◆ **Work request**
Copy exactly the lines of the material below that fall between the line with "7 Alweber Rd, Windham, ME" and the line with "This photograph shows", both of those lines included; pictures stay out.

◆ **Data extract**
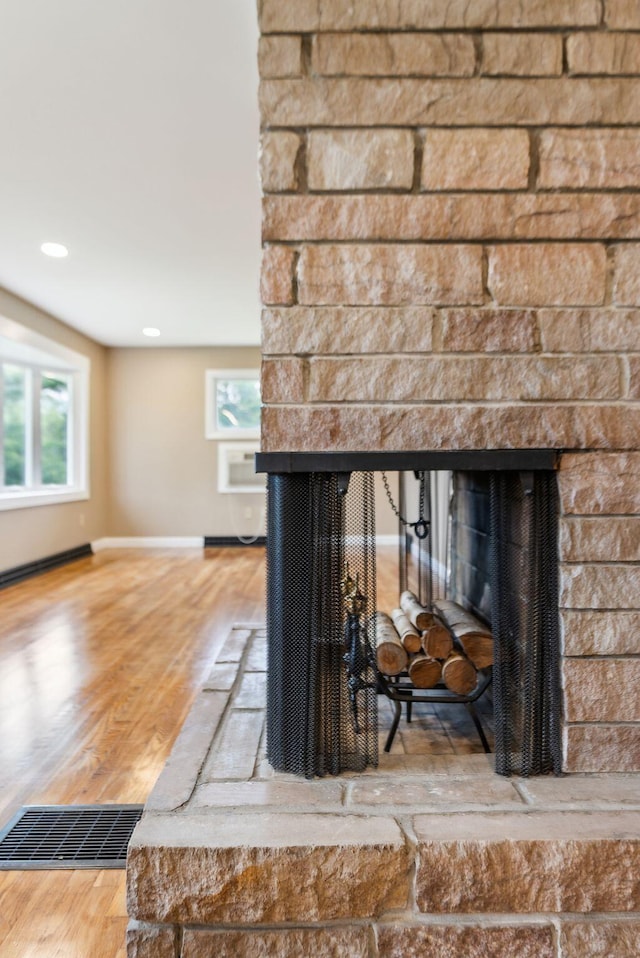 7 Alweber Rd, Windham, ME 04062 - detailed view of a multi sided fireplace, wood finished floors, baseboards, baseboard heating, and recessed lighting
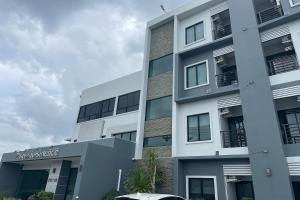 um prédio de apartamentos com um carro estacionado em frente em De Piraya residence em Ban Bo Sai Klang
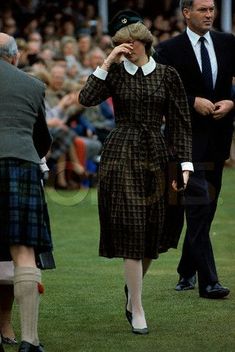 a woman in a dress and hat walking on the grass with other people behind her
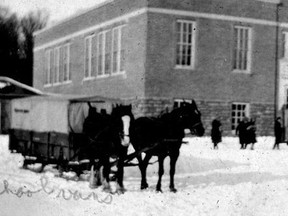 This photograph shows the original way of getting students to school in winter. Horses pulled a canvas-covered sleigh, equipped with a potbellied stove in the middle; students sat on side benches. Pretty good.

--

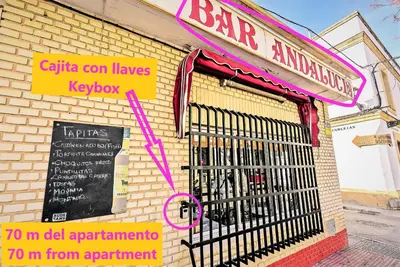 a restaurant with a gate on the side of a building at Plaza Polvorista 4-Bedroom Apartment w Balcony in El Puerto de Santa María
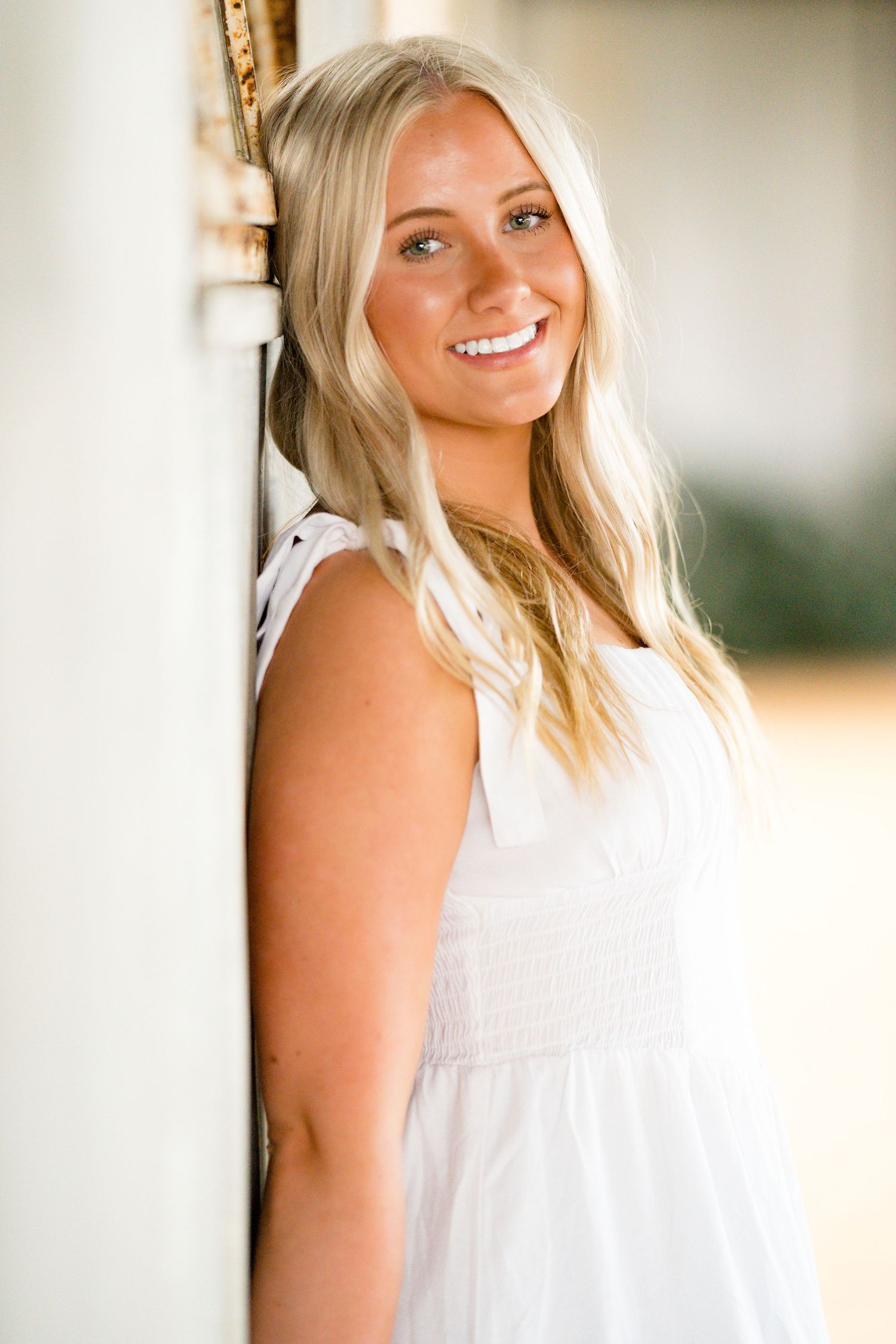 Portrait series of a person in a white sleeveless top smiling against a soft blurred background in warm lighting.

◆ **Exercise solution**
 7 Alweber Rd, Windham, ME 04062 - detailed view of a multi sided fireplace, wood finished floors, baseboards, baseboard heating, and recessed lighting
 um prédio de apartamentos com um carro estacionado em frente em De Piraya residence em Ban Bo Sai Klang
 a woman in a dress and hat walking on the grass with other people behind her
 This photograph shows the original way of getting students to school in winter. Horses pulled a canvas-covered sleigh, equipped with a potbellied stove in the middle; students sat on side benches. Pretty good.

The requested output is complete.